In recent days, the Chinese Foreign Minister, Wang Yi, is reported to have engaged directly on the issue with Foreign Affairs Minister Chrystia Freeland, pushing for the advancement of dormant China-Canada trade talks and warning, according to a Globe and Mail report, that “any attempts that aim to sabotage China’s modernization plan will fail.” With that kind of less-than-diplomatic rebuke, Canada now seems to be in the crossfire between two powerful countries.

The question is, did Canadian negotiators make a mistake in agreeing to insert the non-market country clause in the USMCA? The answer is no, and here is why.

The bottom line is that Canada and like-minded countries should be supportive of the U.S.-led strategic objective of change in China’s commercial policies and practices.

China was granted membership in the World Trade Organization (WTO) some 17 years ago under false hopes, certainly by Group of Seven countries, that China would quickly become a market-driven economy, with government intervention constrained by WTO rules. Instead, the Chinese model continues to be one of rigorous state control and the furthering of its economic interests by the (often-covert) flouting of trade rules when it suits the regime.

For Western economies, this has become problematic. China is now an economic powerhouse, and its trading partners know that complaints about its practices risk state-mandated retaliation. That is why only the United States is big enough to take on the challenge of pushing for policy change by China, and why other countries have been quietly cheerleading, not only as free-riders but also in taking advantage of improved market access to the Chinese market in areas where new tariffs are now being applied against imports from the United States.

In policy terms, Canada’s objectives are consistent with those of the United states, particularly regarding China’s spotty intellectual-property protection, restrictive foreign-investment rules and distorting state subsidies. Further, it is possible that in the absence of the current challenge to these practices, Chinese intervention detrimental to all trading partners will increase rather than decrease in achieving the stated goal in the current five-year plan of becoming pre-eminent in technology-driven areas.

These kinds of concerns about China were recognized by former U.S. president Barack Obama when his administration spearheaded the negotiations among a dozen countries, including Canada and Mexico, for a Trans-Pacific Partnership. By pointedly excluding China, the strategic U.S. objective was to undercut that country’s push for regional dominance.
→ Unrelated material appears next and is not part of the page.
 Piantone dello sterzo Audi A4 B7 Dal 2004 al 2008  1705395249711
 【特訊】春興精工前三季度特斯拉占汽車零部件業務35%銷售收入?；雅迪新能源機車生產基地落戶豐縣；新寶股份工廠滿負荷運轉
This seemed to have been lost on Mr. Trump, whose almost first act as President was to announce American rejection of that agreement. As a result, the United States has foregone preferential access to an enormous market under the now Comprehensive and Progressive Agreement for Trans-Pacific Partnership (CPTPP), signed recently by the remaining 11 countries.

In these circumstances, why would Canada want a bilateral trade agreement with China? Such an agreement could look fine on paper, just as the WTO rules do today. In practice, however, we would be at great risk of living up to our market-opening concessions while not effectively realizing potential gains in the Chinese market. Added to the strictly commercial calculus, is the continuing concern among Canada and its defence allies about security issues regarding Chinese state-controlled actors.

Section 32:10 is really about giving the United States time and space to do the heavy lifting. Canada should wait and see how that dispute plays out and then decide on the best strategy for furthering economic relations with China.

In the meantime, there will be plenty of opportunities for pragmatic bilateral economic engagement with China. Ms. Freeland is reported to have confirmed that approach in her discussion with the Chinese Foreign Minister. Nothing in the USMCA inhibits that.